▸ What you need to do: Look below for the line that contains "Sedia imbottita beige gambe faggio BRESSO", then copy it and each following line exactly, through and including the line that contains "Cream Linen-Look Barstools, 26-Inch".

▸ Data to use:
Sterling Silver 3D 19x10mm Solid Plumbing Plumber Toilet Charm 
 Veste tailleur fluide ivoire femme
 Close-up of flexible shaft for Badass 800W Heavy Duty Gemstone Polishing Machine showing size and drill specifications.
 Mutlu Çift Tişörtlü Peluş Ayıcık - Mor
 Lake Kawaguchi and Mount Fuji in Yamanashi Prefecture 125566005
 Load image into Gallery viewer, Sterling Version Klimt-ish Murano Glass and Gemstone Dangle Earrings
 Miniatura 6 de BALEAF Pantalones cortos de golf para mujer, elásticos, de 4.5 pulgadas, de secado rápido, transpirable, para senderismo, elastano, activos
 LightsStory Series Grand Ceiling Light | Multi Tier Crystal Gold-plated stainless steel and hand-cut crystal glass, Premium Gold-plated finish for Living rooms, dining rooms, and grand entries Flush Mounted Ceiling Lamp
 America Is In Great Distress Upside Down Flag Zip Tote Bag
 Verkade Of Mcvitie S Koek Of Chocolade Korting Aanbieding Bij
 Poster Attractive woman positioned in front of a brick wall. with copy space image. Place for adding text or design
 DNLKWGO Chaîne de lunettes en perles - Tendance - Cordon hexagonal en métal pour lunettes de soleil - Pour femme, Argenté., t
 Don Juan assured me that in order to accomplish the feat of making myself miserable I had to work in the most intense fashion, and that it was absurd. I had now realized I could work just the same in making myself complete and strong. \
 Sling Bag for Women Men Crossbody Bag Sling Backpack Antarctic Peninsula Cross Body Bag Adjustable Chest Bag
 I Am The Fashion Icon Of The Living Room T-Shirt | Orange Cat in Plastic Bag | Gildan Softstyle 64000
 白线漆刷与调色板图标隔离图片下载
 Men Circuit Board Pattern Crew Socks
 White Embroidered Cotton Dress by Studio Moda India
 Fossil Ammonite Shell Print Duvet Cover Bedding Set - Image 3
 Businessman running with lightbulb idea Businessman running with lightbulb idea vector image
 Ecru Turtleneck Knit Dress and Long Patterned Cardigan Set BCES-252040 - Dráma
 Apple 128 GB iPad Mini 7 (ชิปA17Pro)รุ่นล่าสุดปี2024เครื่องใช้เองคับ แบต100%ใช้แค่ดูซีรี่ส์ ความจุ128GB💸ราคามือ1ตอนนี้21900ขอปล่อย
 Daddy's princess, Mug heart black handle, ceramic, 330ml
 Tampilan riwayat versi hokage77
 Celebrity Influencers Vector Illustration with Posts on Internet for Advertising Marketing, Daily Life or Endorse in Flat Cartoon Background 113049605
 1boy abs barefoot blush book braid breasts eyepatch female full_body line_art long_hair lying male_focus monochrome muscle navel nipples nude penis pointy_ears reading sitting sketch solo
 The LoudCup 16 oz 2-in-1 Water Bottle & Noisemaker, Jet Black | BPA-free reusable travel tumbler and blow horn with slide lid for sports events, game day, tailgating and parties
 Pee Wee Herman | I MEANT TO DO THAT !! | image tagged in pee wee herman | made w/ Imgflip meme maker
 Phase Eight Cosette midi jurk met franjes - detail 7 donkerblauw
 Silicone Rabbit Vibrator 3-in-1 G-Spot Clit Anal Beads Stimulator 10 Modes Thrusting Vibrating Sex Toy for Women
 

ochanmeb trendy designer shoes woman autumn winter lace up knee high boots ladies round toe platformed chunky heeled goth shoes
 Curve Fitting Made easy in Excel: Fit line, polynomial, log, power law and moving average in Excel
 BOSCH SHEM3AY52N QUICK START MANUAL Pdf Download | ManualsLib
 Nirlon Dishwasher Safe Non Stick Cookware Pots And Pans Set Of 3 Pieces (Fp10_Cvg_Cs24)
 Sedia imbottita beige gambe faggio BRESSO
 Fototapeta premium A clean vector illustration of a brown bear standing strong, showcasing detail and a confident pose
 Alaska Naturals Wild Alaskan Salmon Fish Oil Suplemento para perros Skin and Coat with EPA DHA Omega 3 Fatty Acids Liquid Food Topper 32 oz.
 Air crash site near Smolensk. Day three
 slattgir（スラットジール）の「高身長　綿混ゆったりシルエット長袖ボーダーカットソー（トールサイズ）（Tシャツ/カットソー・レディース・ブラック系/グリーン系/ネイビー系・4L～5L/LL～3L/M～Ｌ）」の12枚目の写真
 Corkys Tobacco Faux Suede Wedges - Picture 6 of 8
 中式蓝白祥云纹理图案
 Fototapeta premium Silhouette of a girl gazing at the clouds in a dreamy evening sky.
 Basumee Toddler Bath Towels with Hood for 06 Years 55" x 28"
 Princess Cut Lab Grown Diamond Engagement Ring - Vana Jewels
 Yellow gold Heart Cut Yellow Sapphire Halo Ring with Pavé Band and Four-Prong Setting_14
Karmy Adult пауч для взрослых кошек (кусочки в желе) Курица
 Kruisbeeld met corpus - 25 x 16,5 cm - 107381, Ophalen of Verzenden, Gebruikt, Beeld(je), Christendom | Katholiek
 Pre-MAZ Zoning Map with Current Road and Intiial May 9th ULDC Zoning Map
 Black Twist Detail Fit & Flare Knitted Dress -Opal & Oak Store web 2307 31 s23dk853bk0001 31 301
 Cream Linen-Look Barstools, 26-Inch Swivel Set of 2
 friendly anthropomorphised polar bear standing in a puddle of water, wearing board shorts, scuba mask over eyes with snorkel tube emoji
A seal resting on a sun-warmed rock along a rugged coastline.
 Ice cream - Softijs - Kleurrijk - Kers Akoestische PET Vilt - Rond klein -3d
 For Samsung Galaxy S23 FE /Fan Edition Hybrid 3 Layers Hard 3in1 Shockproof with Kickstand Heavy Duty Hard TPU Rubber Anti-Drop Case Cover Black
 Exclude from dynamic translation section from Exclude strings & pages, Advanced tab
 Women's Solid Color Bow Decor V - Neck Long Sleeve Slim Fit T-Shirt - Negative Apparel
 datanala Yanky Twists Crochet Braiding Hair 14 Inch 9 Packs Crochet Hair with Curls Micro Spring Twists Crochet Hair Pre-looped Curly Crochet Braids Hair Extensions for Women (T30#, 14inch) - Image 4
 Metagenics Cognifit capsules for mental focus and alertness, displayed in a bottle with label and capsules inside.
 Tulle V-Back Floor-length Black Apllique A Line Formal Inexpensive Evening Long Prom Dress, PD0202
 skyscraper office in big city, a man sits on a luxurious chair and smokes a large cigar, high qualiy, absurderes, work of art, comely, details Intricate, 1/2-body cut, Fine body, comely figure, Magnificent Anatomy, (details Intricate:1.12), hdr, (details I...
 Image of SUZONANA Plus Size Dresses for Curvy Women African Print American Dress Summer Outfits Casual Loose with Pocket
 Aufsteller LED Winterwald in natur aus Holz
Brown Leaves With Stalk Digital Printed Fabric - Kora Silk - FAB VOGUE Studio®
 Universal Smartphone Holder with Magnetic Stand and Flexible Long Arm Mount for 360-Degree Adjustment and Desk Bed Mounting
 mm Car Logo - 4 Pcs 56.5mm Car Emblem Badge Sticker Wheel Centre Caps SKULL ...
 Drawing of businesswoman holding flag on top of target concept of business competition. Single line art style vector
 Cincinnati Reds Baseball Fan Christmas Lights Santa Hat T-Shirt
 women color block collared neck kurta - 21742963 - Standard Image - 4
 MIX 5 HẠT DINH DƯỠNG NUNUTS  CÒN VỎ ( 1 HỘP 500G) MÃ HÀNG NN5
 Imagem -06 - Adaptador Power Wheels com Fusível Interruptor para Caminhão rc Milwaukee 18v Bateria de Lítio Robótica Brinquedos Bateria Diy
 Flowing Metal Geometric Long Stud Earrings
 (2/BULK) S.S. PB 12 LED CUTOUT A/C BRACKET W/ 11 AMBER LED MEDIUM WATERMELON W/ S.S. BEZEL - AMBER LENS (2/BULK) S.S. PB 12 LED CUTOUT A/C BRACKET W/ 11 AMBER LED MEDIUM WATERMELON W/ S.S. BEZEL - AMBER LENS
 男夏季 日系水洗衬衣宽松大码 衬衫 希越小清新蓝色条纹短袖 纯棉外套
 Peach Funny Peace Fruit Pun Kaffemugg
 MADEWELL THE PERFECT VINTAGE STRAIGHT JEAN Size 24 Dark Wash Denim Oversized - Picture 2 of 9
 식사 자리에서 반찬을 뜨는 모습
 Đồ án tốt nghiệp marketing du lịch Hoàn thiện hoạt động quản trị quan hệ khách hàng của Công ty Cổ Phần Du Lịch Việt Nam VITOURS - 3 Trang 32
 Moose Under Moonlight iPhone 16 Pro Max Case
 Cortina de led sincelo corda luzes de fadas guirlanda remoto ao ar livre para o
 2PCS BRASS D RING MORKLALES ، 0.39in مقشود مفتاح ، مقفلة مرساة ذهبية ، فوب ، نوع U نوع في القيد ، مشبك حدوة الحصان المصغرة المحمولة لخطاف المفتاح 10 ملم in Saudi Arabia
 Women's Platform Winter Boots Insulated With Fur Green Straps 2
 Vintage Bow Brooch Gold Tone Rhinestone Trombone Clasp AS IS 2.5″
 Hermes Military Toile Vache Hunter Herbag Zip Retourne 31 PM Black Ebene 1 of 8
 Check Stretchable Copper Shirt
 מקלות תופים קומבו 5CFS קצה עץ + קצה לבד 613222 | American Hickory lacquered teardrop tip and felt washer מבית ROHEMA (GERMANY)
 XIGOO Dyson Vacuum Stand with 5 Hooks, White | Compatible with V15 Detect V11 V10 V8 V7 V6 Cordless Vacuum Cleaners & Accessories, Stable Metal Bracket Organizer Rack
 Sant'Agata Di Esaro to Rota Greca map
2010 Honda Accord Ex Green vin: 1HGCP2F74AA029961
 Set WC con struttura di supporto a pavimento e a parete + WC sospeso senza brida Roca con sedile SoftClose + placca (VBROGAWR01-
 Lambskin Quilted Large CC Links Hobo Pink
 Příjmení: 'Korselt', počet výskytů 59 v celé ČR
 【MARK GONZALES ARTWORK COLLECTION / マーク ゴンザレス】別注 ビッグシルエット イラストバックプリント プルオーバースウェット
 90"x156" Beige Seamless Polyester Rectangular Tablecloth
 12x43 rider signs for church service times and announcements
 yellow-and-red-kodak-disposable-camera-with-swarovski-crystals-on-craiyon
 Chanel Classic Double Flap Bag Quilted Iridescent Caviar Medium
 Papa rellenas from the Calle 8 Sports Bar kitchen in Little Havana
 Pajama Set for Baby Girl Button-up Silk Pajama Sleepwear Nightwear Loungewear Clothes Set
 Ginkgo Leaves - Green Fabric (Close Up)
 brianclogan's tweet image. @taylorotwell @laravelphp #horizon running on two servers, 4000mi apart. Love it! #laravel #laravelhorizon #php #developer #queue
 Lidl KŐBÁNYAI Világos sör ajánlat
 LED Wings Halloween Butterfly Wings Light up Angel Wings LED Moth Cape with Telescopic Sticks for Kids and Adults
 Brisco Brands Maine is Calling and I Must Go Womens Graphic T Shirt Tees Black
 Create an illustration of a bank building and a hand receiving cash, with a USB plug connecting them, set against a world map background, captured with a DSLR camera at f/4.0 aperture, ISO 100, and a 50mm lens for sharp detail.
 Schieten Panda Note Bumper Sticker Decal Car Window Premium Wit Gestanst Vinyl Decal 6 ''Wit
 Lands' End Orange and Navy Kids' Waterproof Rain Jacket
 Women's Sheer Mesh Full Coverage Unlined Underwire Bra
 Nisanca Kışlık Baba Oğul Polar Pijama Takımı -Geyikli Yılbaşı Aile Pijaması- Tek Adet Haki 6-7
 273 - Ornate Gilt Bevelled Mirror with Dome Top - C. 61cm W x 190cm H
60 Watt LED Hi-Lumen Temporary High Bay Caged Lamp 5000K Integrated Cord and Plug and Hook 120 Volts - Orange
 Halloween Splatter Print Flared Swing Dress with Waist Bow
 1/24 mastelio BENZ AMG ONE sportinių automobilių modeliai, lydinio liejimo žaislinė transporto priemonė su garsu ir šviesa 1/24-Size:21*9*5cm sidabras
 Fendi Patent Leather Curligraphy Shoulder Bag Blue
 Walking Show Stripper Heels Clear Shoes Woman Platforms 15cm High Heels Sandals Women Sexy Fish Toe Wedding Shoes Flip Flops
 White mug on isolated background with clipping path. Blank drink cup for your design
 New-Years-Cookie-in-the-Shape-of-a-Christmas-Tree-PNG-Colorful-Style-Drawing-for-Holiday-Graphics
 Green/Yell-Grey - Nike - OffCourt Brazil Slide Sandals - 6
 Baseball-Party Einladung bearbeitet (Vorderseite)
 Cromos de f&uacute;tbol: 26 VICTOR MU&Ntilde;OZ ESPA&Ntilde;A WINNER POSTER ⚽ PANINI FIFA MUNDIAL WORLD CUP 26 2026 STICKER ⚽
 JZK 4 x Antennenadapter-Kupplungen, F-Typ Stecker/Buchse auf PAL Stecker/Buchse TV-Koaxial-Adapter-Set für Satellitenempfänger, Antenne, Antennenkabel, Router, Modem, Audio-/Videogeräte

▸ Reply to the exercise:
 Sedia imbottita beige gambe faggio BRESSO
 Fototapeta premium A clean vector illustration of a brown bear standing strong, showcasing detail and a confident pose
 Alaska Naturals Wild Alaskan Salmon Fish Oil Suplemento para perros Skin and Coat with EPA DHA Omega 3 Fatty Acids Liquid Food Topper 32 oz.
 Air crash site near Smolensk. Day three
 slattgir（スラットジール）の「高身長　綿混ゆったりシルエット長袖ボーダーカットソー（トールサイズ）（Tシャツ/カットソー・レディース・ブラック系/グリーン系/ネイビー系・4L～5L/LL～3L/M～Ｌ）」の12枚目の写真
 Corkys Tobacco Faux Suede Wedges - Picture 6 of 8
 中式蓝白祥云纹理图案
 Fototapeta premium Silhouette of a girl gazing at the clouds in a dreamy evening sky.
 Basumee Toddler Bath Towels with Hood for 06 Years 55" x 28"
 Princess Cut Lab Grown Diamond Engagement Ring - Vana Jewels
 Yellow gold Heart Cut Yellow Sapphire Halo Ring with Pavé Band and Four-Prong Setting_14
Karmy Adult пауч для взрослых кошек (кусочки в желе) Курица
 Kruisbeeld met corpus - 25 x 16,5 cm - 107381, Ophalen of Verzenden, Gebruikt, Beeld(je), Christendom | Katholiek
 Pre-MAZ Zoning Map with Current Road and Intiial May 9th ULDC Zoning Map
 Black Twist Detail Fit & Flare Knitted Dress -Opal & Oak Store web 2307 31 s23dk853bk0001 31 301
 Cream Linen-Look Barstools, 26-Inch Swivel Set of 2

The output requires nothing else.